■ Work required
Make an exact copy of every entry, leaving the pictures out.

--

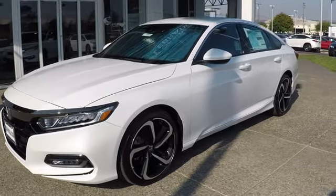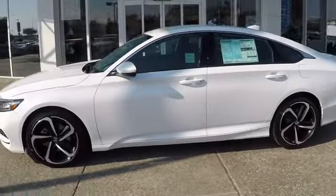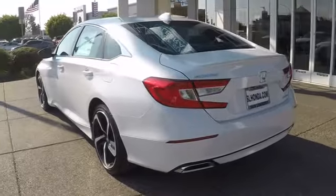The 2018 Honda Accord — ingeniously simple, yet overflowing with luxury and technological creativity. All that and more in the Accord. Here are some of this vehicle's great options.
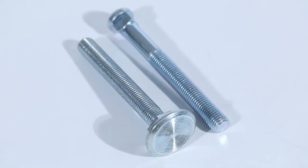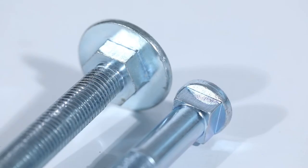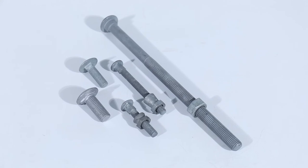Mainly used in some places where a countersunk head screw is needed. Materials for stainless steel thread rod are stainless steel and carbon steel.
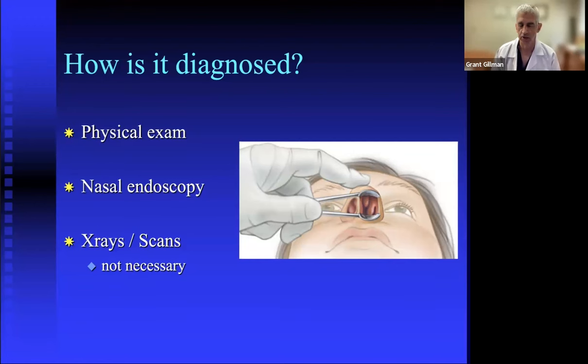Scans — MRIs, CTs, plain x-rays — are not routinely necessary for a deviated septum. We do order them sometimes as a complement to our exam or when looking for other things like polyps or sinus concerns, but they're not required for the diagnosis.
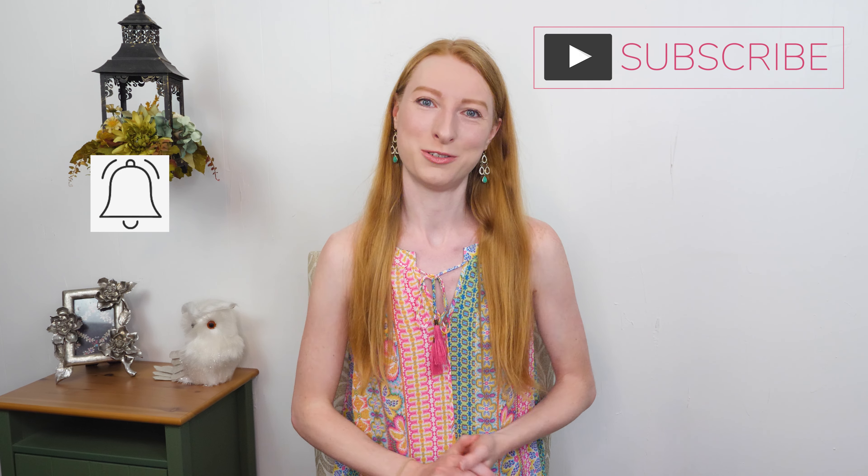If you are new to my channel, hello, my name is Macy and I am a full-time reseller. On this channel I put out reselling content to help you succeed at your reselling business. If that sounds like something that interests you, hit subscribe down below and tap that notification bell so that you know next time I put out a new video. I have a bunch of sales to go over so let's just get right into the sales.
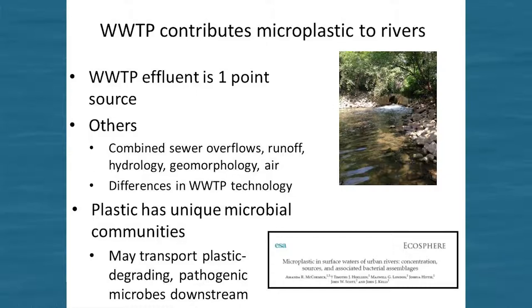The take-home points are that we're considering wastewater treatment plant effluent as one of the point sources of microplastic to urban rivers. There's a lot of variation and a lot of questions still to address. We know there are other sources and sinks affecting concentration — combined sewers, street runoff, differences in geomorphology and hydrology, and aerial deposition. And we concluded that plastic has unique microbial communities that might have the capacity to transport these novel microbial assemblages over long distances in a way that naturally occurring surfaces cannot.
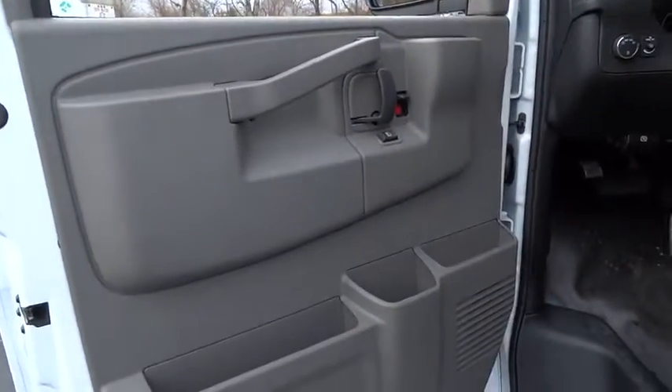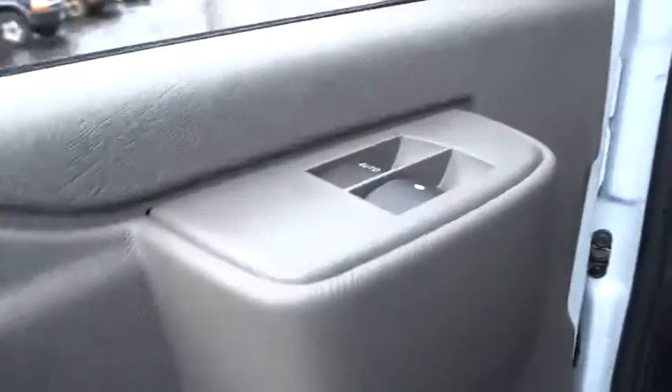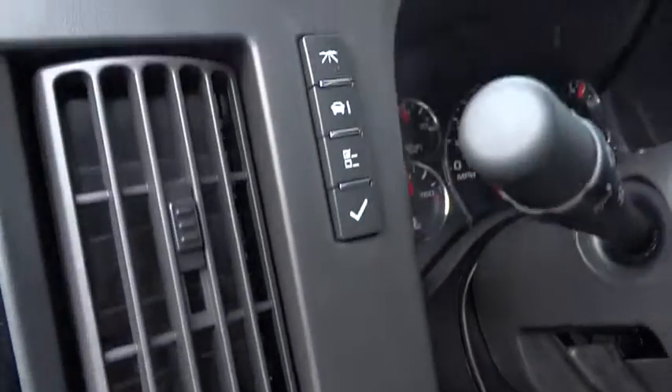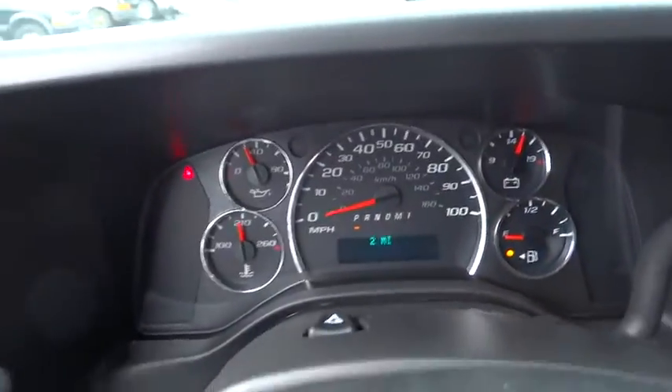Stability control, anti-lock braking system, traction control, power steering, four-wheel disc brakes, AM-FM stereo radio, power door locks, power windows, MP3 player.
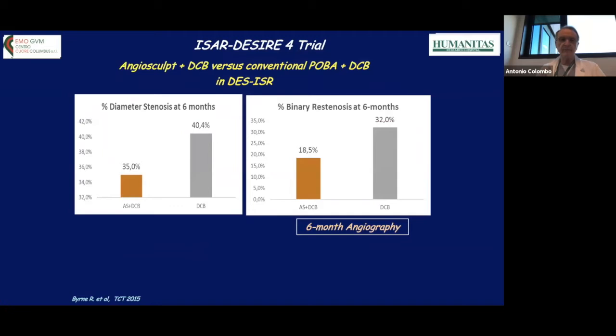Another point to stress is utilizing new technologies to improve predilatation results. The DESIRE study published in 2015 showed that usage of the AngioSculptor scoring balloon before implementing a drug-coated balloon treatment for in-stent restenosis lowered the binary stenosis rate at six months from 32% to 18% with routine six-month angiography. Again, drug-coated balloon must be applied only if optimal predilatation is performed.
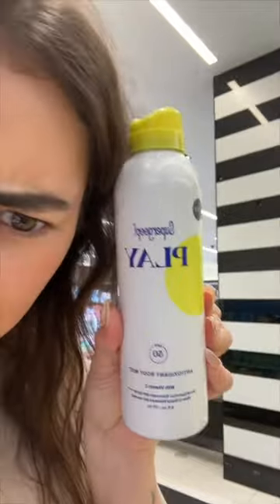Or I go with a Supergoop Play — it's an antioxidant body mist with vitamin C. Or I just go with the old-fashioned Glow Scream body. There's way too many options here, it's really feeding into my indecisiveness. I'd say we go with the classic spray — nothing fancy, but it gets the job done.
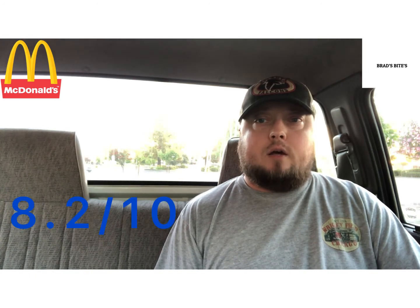I'm going to give it an 8.2 out of 10. If it was maybe a dollar less, I would have bumped it up to an 8.5. But overall, good sandwich. If you're in the mood for chicken for breakfast and not the usual sausage or bacon sandwich from McDonald's, check it out — it's the crispy chicken and bacon with honey McMuffin.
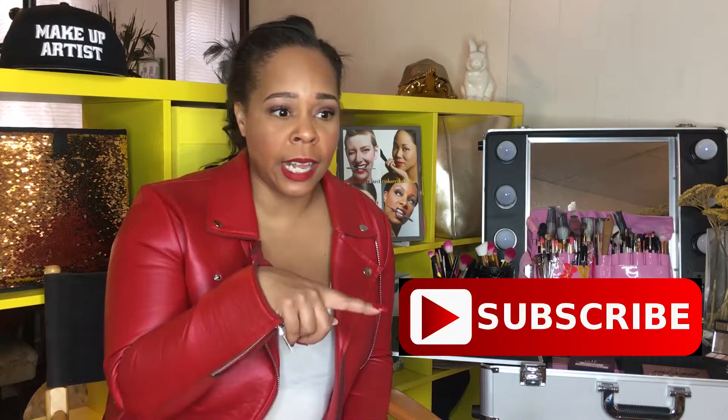Hey, have you subscribed to my channel? Go ahead and do that now. Just colored dirt, click, you're done.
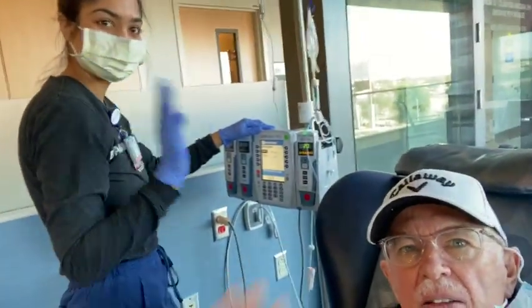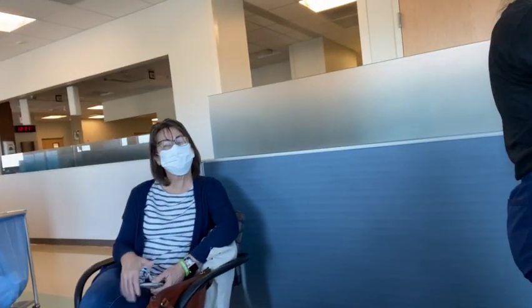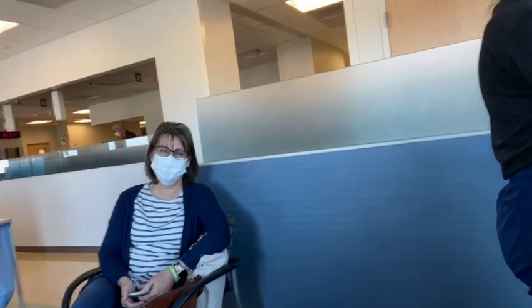Back at the cancer hospital, here's my nurse, having a little quick infusion and things are going good. There's Nancy over there, wave to the crowd.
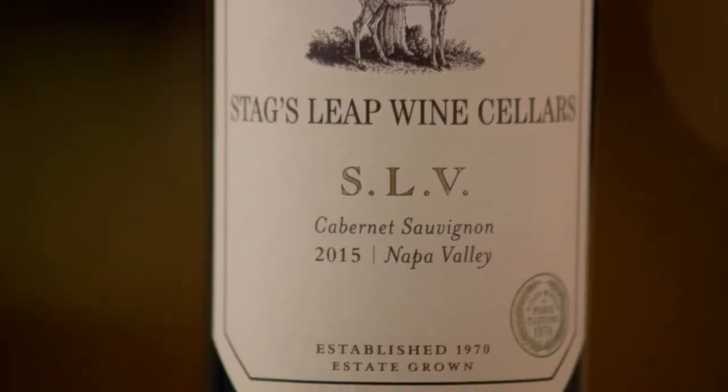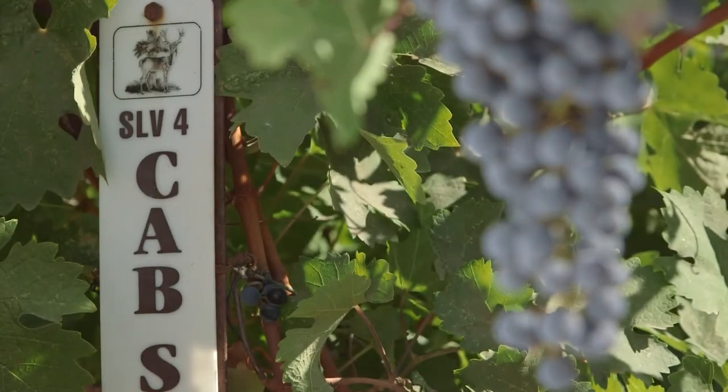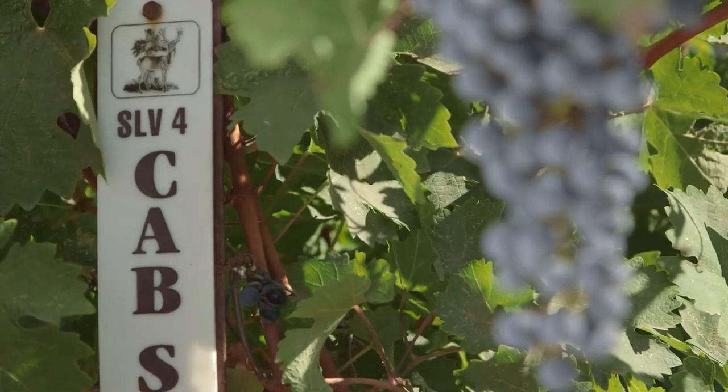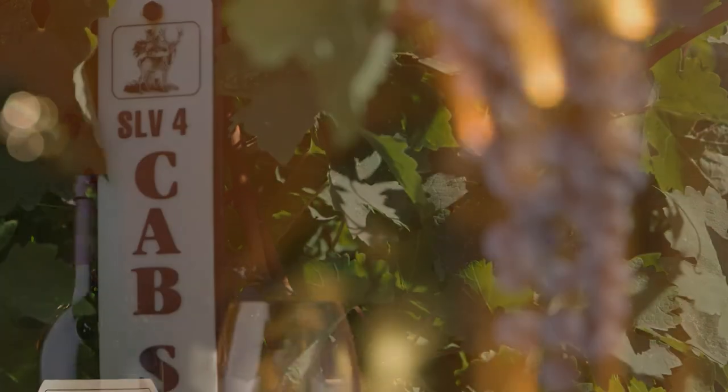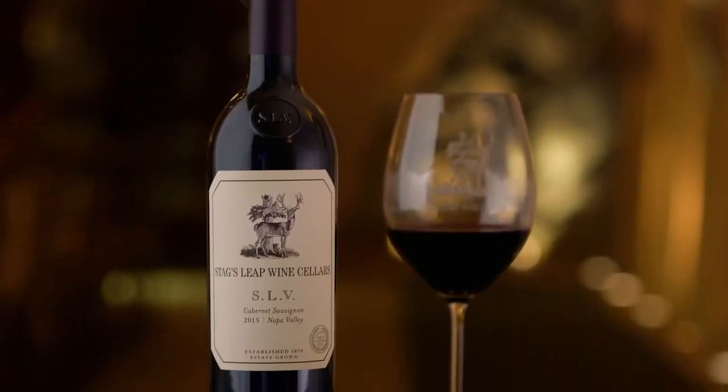It's a rich and robust wine but with refined tannins and a long finish. 2015 was a warmer year so it has maybe a little bit more darker fruit, but it definitely captures the essence of SLV. As I'm fermenting that wine and putting it to barrels, I really want to capture that personality of the vineyard.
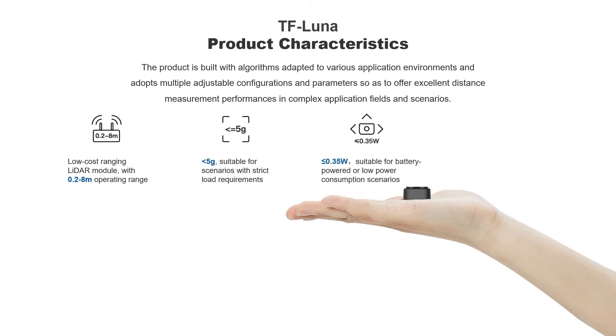Its power consumption is about 0.35 watts, meeting low power and energy efficiency requirements. It can be adapted to battery-powered or any low power consumption scenarios. Its small size makes it easy to install and integrate.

--

■ Solution
The 2018 Honda Accord — ingeniously simple, yet overflowing with luxury and technological creativity. All that and more in the Accord. Here are some of this vehicle's great options.
Mainly used in some places where a countersunk head screw is needed. Materials for stainless steel thread rod are stainless steel and carbon steel.
Scans — MRIs, CTs, plain x-rays — are not routinely necessary for a deviated septum. We do order them sometimes as a complement to our exam or when looking for other things like polyps or sinus concerns, but they're not required for the diagnosis.
If you are new to my channel, hello, my name is Macy and I am a full-time reseller. On this channel I put out reselling content to help you succeed at your reselling business. If that sounds like something that interests you, hit subscribe down below and tap that notification bell so that you know next time I put out a new video. I have a bunch of sales to go over so let's just get right into the sales.
The take-home points are that we're considering wastewater treatment plant effluent as one of the point sources of microplastic to urban rivers. There's a lot of variation and a lot of questions still to address. We know there are other sources and sinks affecting concentration — combined sewers, street runoff, differences in geomorphology and hydrology, and aerial deposition. And we concluded that plastic has unique microbial communities that might have the capacity to transport these novel microbial assemblages over long distances in a way that naturally occurring surfaces cannot.
Stability control, anti-lock braking system, traction control, power steering, four-wheel disc brakes, AM-FM stereo radio, power door locks, power windows, MP3 player.
Another point to stress is utilizing new technologies to improve predilatation results. The DESIRE study published in 2015 showed that usage of the AngioSculptor scoring balloon before implementing a drug-coated balloon treatment for in-stent restenosis lowered the binary stenosis rate at six months from 32% to 18% with routine six-month angiography. Again, drug-coated balloon must be applied only if optimal predilatation is performed.
Or I go with a Supergoop Play — it's an antioxidant body mist with vitamin C. Or I just go with the old-fashioned Glow Scream body. There's way too many options here, it's really feeding into my indecisiveness. I'd say we go with the classic spray — nothing fancy, but it gets the job done.
I'm going to give it an 8.2 out of 10. If it was maybe a dollar less, I would have bumped it up to an 8.5. But overall, good sandwich. If you're in the mood for chicken for breakfast and not the usual sausage or bacon sandwich from McDonald's, check it out — it's the crispy chicken and bacon with honey McMuffin.
Hey, have you subscribed to my channel? Go ahead and do that now. Just colored dirt, click, you're done.
Back at the cancer hospital, here's my nurse, having a little quick infusion and things are going good. There's Nancy over there, wave to the crowd.
It's a rich and robust wine but with refined tannins and a long finish. 2015 was a warmer year so it has maybe a little bit more darker fruit, but it definitely captures the essence of SLV. As I'm fermenting that wine and putting it to barrels, I really want to capture that personality of the vineyard.
Its power consumption is about 0.35 watts, meeting low power and energy efficiency requirements. It can be adapted to battery-powered or any low power consumption scenarios. Its small size makes it easy to install and integrate.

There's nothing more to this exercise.